As i see it its possible that if USA kept on fire bombing Japan conventionally while preparing for attack on mainland Japan might had surrendered without use of A bomb.
I'm not sure if the civilian damage would be lesser though or if allies could had known it for certain at the time.
Tribesman
02-03-12, 02:22 PM
Soviet aims are another issue altogether.
Not when they are acting as an intermediary in the process.
An attempt at a separate peace with the CCCP was also something they looked into
Tater. what seperate peace?
They were not at war.
The jap ambassador was shopping around to use the Soviets to broker a peace. So yes, not a separate peace, I misspoke. The soviets shined them on (cancelled appointments, etc).
Separate from the normal process (contacting the US). Mea culpa.
Regardless, we knew what he was told from the home office because that code was broken as well. No peace until after invasion.
CaptainHaplo
02-03-12, 03:42 PM
History is written by the "victor". This doesn't necessarily mean facts are written in or out - though that does happen - it primarily goes to the issue of what perspective the facts are viewed in.
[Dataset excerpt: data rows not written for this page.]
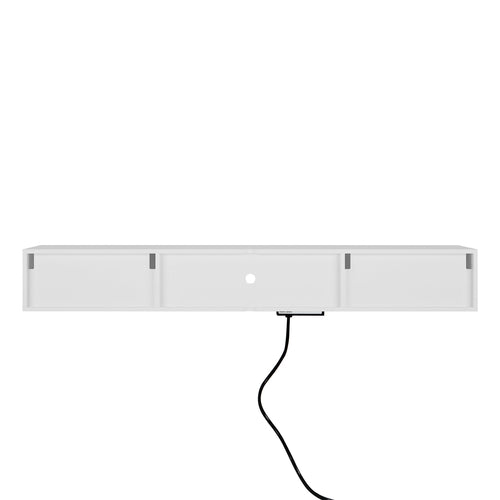 LumiWall™ – Floating TV Wall Shelf with 16-Color LED Lights for 55–65"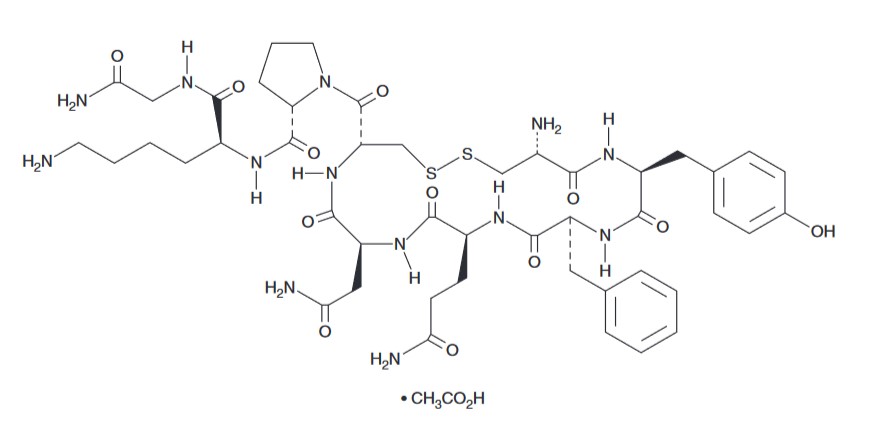 Aminosäuresequenz von Arginin-Vasopressin (Argipressin): Cys-Tyr-Phe-Gln-Asn-Cys-Pro-Arg-Gly-NH2.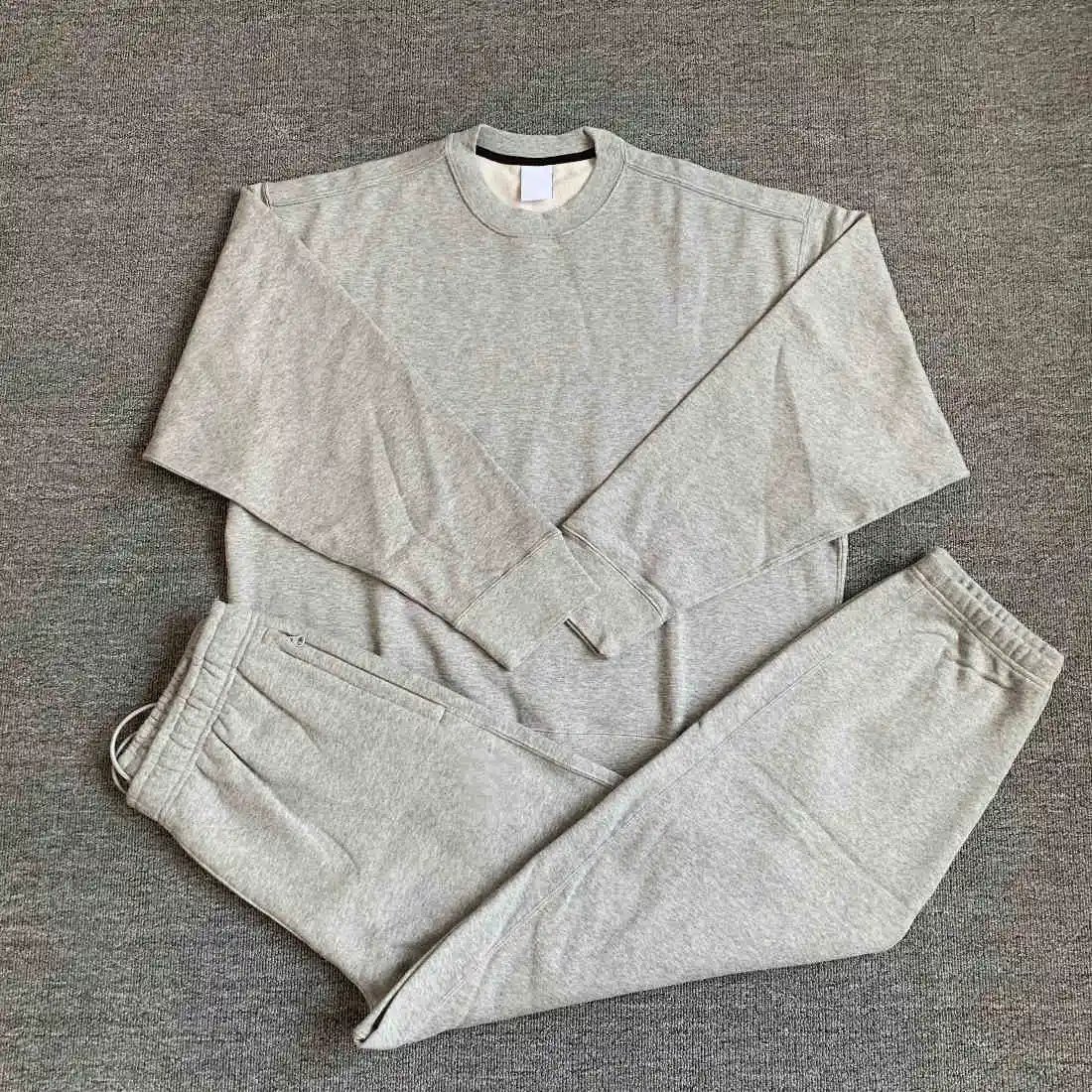 Basic Crewneck Sweatshirt and Jogger Set Gray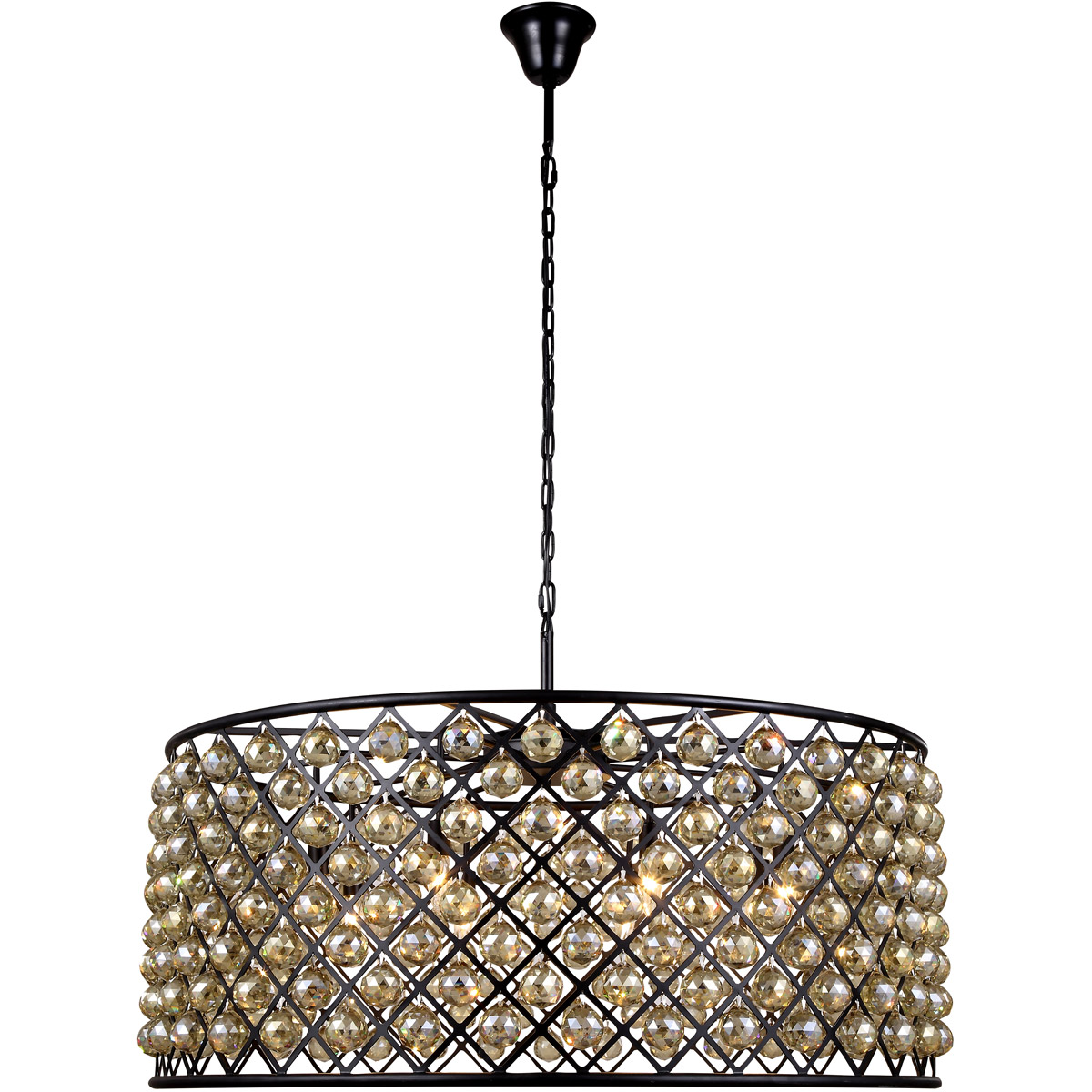 Madison 10 Light 43.5 inch Matte Black Pendant Ceiling Light in Golden Teak, Urban Classic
WW2 is a perfect example. Many point to the end of WW1 as sowing the seeds of WW2. In some ways it did. But to claim the Versaille treaty was "THE" cause of the war negates a big picture view. Japan is viewed as imperialistic and aggressive - and in many ways this was accurate. To dismiss the policies of the US however does remove valid factors from the equation.
No singular perspective of history, especially the history of a major conflict, is going to be entirely accurate. The wise scholar realizes this, and weighs the various factors in detail. This does mean that one opinion can be vastly different from the next when learned men discuss such topics, but to call a historical perspective "revisionism" can only be accurate if it intenionally denies / skips over relevant, documented facts.